Records shown
<<<<
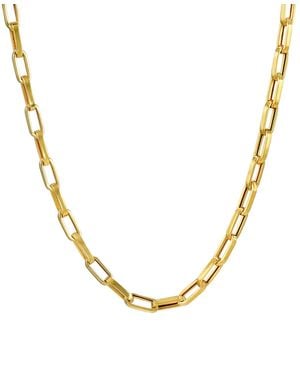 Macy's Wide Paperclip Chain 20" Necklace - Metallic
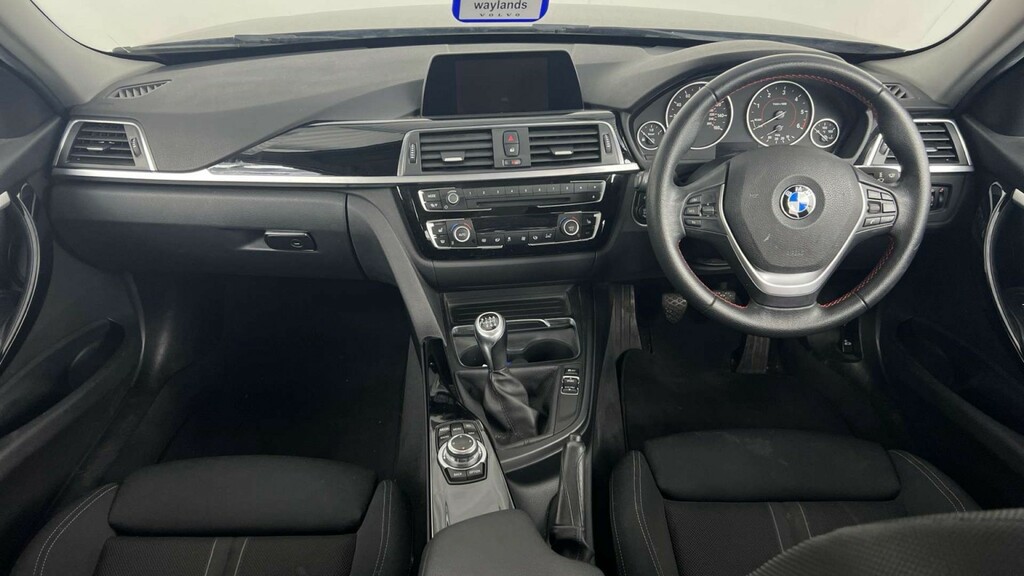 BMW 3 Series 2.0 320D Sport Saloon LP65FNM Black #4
>>>>
<<<<
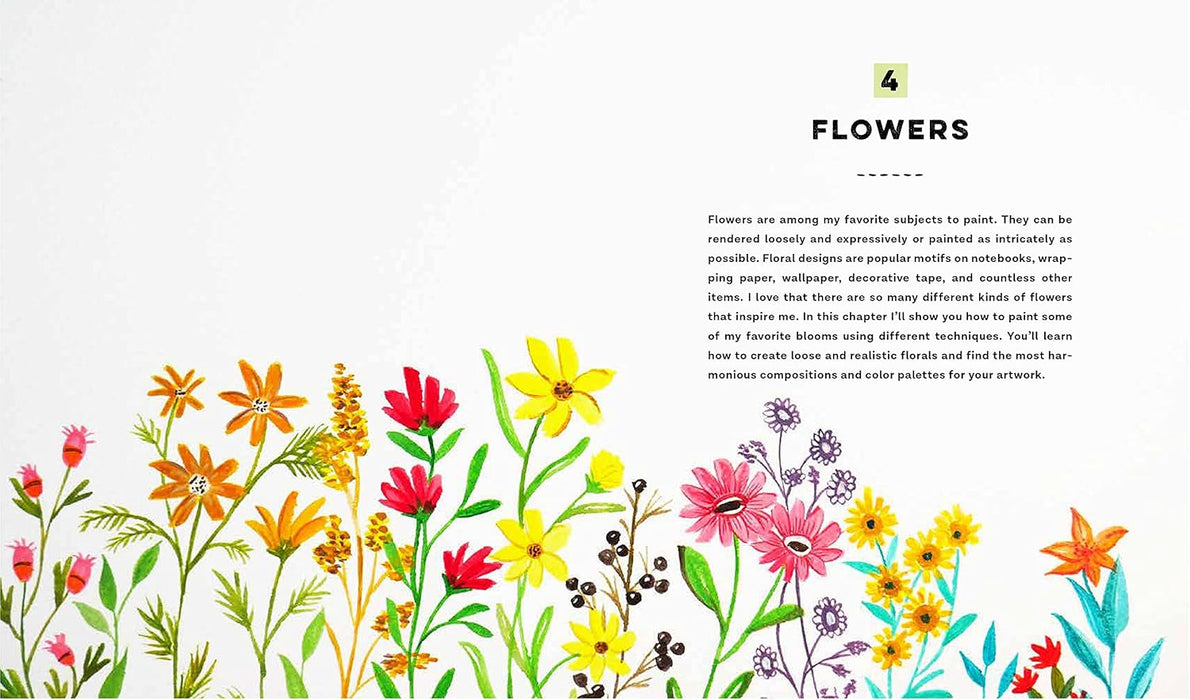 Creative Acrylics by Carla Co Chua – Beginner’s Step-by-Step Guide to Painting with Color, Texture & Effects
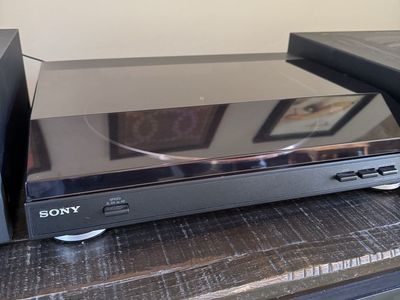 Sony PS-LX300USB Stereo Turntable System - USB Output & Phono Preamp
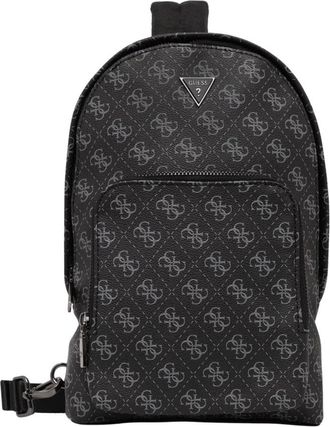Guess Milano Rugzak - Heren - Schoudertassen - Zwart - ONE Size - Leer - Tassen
>>>>
Your goal
Above are some entries; copy exactly the lines from the line with "Sony PS-LX300USB Stereo" through the line with "Guess Milano Rugzak", both included, but none of the pictures.

Response to this task
 Sony PS-LX300USB Stereo Turntable System - USB Output & Phono Preamp
Guess Milano Rugzak - Heren - Schoudertassen - Zwart - ONE Size - Leer - Tassen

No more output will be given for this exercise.